笑ってごまかすところとか?けっこうひょうきんなんです。。外に出るのが好きで、子どもが大好きで保育士をしていました。

――(𠮷)今のお母さんらしさはどうやったら守ってあげられるんだろうね。

去年、家族4人で旅行に行ったんですよね。母は沖縄で育ち、海が好きだから、海をじーっと見ていました。見ている僕たちは、それに母を感じる。

多分、好きだったものとか、五感に訴えるものってずっと保たれるんじゃないかな。無意識的にそれをやったのは姉。海に連れていってあげたり、目に付くところに犬の写真や家族の写真に置いてあげたり。「あの時こうだったよね」と対話すると本人も思い出すし、ああこんなものを喜んでいたな、好きだったな、と僕たち家族も思い出します。

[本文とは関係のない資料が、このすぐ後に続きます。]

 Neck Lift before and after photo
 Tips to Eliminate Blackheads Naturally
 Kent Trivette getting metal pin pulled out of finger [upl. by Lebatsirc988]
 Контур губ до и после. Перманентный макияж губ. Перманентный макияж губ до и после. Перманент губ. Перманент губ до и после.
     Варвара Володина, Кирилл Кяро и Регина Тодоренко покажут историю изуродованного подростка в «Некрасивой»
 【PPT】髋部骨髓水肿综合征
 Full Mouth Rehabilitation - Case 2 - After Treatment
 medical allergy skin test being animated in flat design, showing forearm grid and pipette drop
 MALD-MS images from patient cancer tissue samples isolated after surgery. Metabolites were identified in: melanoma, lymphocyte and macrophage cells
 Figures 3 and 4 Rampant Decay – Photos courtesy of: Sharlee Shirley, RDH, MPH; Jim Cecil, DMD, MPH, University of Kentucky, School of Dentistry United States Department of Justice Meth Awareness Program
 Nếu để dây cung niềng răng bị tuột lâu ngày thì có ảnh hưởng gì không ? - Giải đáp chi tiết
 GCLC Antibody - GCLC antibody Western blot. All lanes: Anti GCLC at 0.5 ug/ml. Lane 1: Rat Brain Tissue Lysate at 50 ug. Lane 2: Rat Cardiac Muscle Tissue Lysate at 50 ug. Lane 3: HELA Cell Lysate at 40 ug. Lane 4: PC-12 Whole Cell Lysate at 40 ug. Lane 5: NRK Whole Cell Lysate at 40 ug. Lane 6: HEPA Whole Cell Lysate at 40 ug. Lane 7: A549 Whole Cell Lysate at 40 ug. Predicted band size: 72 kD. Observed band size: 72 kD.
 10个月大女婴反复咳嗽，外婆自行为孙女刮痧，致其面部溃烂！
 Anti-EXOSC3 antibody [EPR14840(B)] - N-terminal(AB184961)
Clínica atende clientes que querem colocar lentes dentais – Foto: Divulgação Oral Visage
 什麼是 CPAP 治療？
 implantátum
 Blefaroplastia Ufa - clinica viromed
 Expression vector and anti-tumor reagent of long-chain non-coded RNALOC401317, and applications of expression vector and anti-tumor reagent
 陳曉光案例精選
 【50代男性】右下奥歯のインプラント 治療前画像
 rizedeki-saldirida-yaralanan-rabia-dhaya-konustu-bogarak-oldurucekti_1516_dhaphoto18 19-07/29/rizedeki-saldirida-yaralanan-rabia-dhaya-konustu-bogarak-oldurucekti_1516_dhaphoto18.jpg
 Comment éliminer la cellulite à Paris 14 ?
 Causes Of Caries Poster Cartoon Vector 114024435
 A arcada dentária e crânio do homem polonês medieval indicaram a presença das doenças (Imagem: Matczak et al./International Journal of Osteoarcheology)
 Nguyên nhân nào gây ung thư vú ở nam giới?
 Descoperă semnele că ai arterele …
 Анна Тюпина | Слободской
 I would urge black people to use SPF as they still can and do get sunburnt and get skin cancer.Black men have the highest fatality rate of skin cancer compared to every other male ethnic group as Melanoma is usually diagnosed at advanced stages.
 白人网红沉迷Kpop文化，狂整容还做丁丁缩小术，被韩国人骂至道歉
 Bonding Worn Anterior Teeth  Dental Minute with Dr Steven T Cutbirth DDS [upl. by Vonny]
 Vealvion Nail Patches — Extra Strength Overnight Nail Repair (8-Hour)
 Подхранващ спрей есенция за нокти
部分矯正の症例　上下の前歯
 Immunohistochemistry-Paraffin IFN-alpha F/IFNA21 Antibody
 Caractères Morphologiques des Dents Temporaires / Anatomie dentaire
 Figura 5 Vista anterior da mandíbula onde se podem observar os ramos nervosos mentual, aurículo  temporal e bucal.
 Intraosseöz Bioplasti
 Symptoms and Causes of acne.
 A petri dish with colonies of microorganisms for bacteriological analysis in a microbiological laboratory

本人が覚えていないものを補填してあげるとか、そうした場をつくってあげる。neighborの未来にも、もしそういう場があれば魅力的だと思います。
本人が覚えていなくても、僕たちが覚えているから。

――(𠮷)海を見ているお母さんを覚えている僕らが、母親の姿を心の中につくって、死ぬまで持っておくんだね。

もう、今の母親は笑っていることしかできないんですけど。テレビ見てずっと笑ってるだけで不気味なんですけど。

親父と僕が後ろで大喧嘩をしていると、なんかしゅんとしているんです。分かってないんですけど、自分のことで喧嘩しているというのは絶対分かっていると思う。


家族それぞれの異なる「母らしさ」

その人らしさを感じる時に使うフィルターって、人それぞれ違うと思います。姉の場合は、対話することで母を感じているんだと思います。懐かしい写真や景色を見せてあげて「あの頃こうだったよね」と言葉を交わす時に。

僕の場合は、言葉は要らなかった。というか、何て言葉をかけたらいいかわからなかったですし、ただ一緒にいることしかできなかった。母がそばにいてくれるだけで、僕は母との思い出を振り返ることができたし。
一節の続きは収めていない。